Please note: WordPress keeps eating various bits of the code, like script tags, greater-than and ampersand entities so if you see weird coding errors it’s probably down to that.

Technostalgia

BBC Micro

Ahhhhh, Technostalgia. This evening I pulled out a box from the attic. It contained an instance of the first computer I ever used. A trusty BBC B+ Micro and a whole pile of mods to go with it. What a fabulous piece of kit. Robust workhorse, Econet local-area-networking built-in (but no modem, how forward-thinking!), and a plethora of expansion ports. My admiration of this hardware is difficult to quantify but I wasted years of my life learning how to hack about with it, both hardware and software.

The BBC Micro taught me in- and out- of the classroom. My primary school had one in each classroom and, though those might have been the ‘A’ or ‘B’ models, I distinctly remember one BBC Master somewhere in the school. Those weren’t networked but I remember spraining a thumb in the fourth year of primary school and being off sports for a few weeks. That’s when things really started happening. I taught myself procedural programming using LOGO. I was 10 – a late starter compared to some. I remember one open-day the school borrowed (or dusted off) a turtle

BBC Buggy (Turtle)

Brilliant fun, drawing ridiculous spirograph-style patterns on vast sheets of paper.

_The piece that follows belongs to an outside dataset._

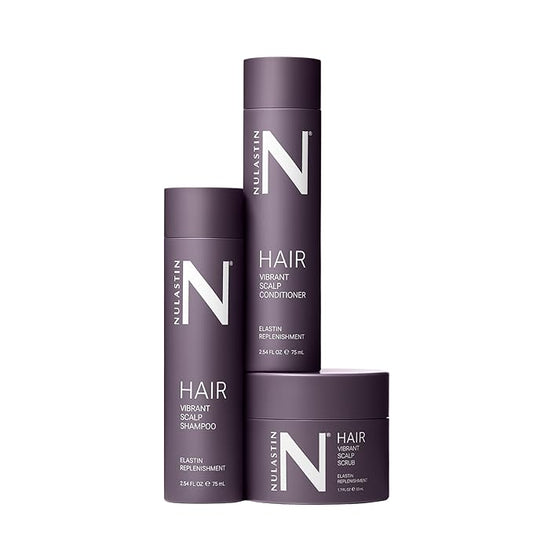 NULASTIN Vibrant Scalp Travel Kit - Hair Shampoo (2.54 Fl Oz), Conditioner (2.54 Fl Oz) & Scalp Scrub (1.7 Fl Oz) for Fine Hair - Volumizing, Color‑Safe & Vegan Hair Set (3 Count)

When I moved up to secondary school my eyes were opened properly. The computer lab was pretty good too. Networked computers. Fancy that! A network printer and a network fileserver the size of a… not sure what to compare it with – it was a pretty unique form-factor – about a metre long, 3/4 metre wide and about 20cm deep from memory (but I was small back then). Weighed a tonne. A couple of 10- or 20MB Winchesters in it from what I recall. I still have the master key for it somewhere! My school was in Cambridge and had a couple of part-time IT teacher/administrators who seemed to be on loan from SJ Research. Our school was very lucky in that regard – we were used as a test-bed for a bunch of network things from SJ Research, as far as I know a relative of Acorn. Fantastic kit only occasionally let down by the single, core network cable slung overhead between two buildings.

My first experience of Email was using the BBC. We had an internal mail system *POST which was retired after a while, roughly when ARBS left the school I think. I wrote my own MTA back then too, but in BASIC – I must have been about 15 at the time. For internet mail the school had signed up to use something called Interspan which I later realised must have been some sort of bridge to Fidonet or similar.

Teletext Adapter

We even had a networked teletext server which, when working, downloaded teletext pages to the LAN and was able to serve them to anyone who requested them. The OWUKWW – One-way-UK-wide-web! The Music department had a Music 5000 Synth which ran a language called Ample. Goodness knows how many times we played Axel-F on that. Software/computer-programmable keyboard synth – amazing.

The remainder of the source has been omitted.